Kent Lassman: What is Old Must Be New Again

 
Last week friends of Liberty and Europe met at the European Resource Bank (ERB) in Podgorica, Montenegro. The European Resource Bank Meeting is the largest gathering of classical liberal and conservative intellectuals, entrepreneurs, institutes, foundations and free market think tanks from all around Europe.

The president and CEO of the Competitive Enterprise Institute (CEI) Kent Lassman gave an interesting dinner speech about the situation for classical liberalism, about the future relationship between Europe and the US but also relates to Donald Trump’s first 100 days in the White House. Svensk Tidskrift is with Kents kind permission publishing the speech in its entirety below.

Remarks prepared for delivery at European Resource Bank Plenary Dinner
April 22, 2017
Podgorica, Montenegro

Thank you Barbara (Dr Barbara Kolm, Austrian Economics Center and organizer of the event. Ed.) When you say such flattering things about me, the temptation is to say thank you and return to my seat. It was an introduction my father would have been proud to hear and my mother would have believed.

The venue is spectacular. Thank you to our warm-hearted hosts.

The companionship is superb. And the proceedings during the meetings have been an intellectual feast.
Classical liberals of every stripe have gathered to share information, build human capital, and to learn how to create and maintain the institutions of liberty.

However, tonight I come with a warning. Political institutions are breaking down and some of our erstwhile allies are turning a blind eye to natural rights.

Let us take those in turn.

Many of the most recognizable transnational institutions of the past 80 years are under tremendous stress. Brexit is reshaping the European Union. Cracks are emerging in the free trade consensus sustained by the World Trade Organization. The United Nations Security Council is increasingly ineffectual. NATO is both expanding and still searching for its 21st Century role.

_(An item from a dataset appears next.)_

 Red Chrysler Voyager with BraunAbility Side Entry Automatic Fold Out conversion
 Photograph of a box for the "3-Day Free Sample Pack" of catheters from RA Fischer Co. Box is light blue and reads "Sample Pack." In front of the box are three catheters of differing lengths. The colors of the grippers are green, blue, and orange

Some of these institutions won’t survive in any recognizable form. Some will adapt, but not necessarily improve. And we know that still other new institutions will emerge.

For example, I see opportunity in the combination of Brexit and NATO. The UK could lead the creation of a free trade zone stretching from Scandinavia, across the British Isles, Iceland, Greenland and inclusive of Canada and the United States. We could call it the North Atlantic Trade Organization.

We wouldn’t even need to change the acronym.

Most politicians understand that 20th Century institutions are not necessarily suited to fostering prosperity today. However, they don’t know what to do about it and so they cling to the familiar. Which brings us to our role as think tank leaders, academics, and philanthropists.

From the Dutch elections to America trying to accommodate itself to President Trump to the current elections in France, new populist fervor is real. It is powerful. And it is aided by global forces as diverse as YouTube, population shifts, and aging workforces.

I won’t try to speak for developments in all of our countries, but I speak to you all as classical liberals, leaders, and people of influence. We all need to be wary of the inflamed passions of the majority.

What does this mean for those of us who gather here tonight?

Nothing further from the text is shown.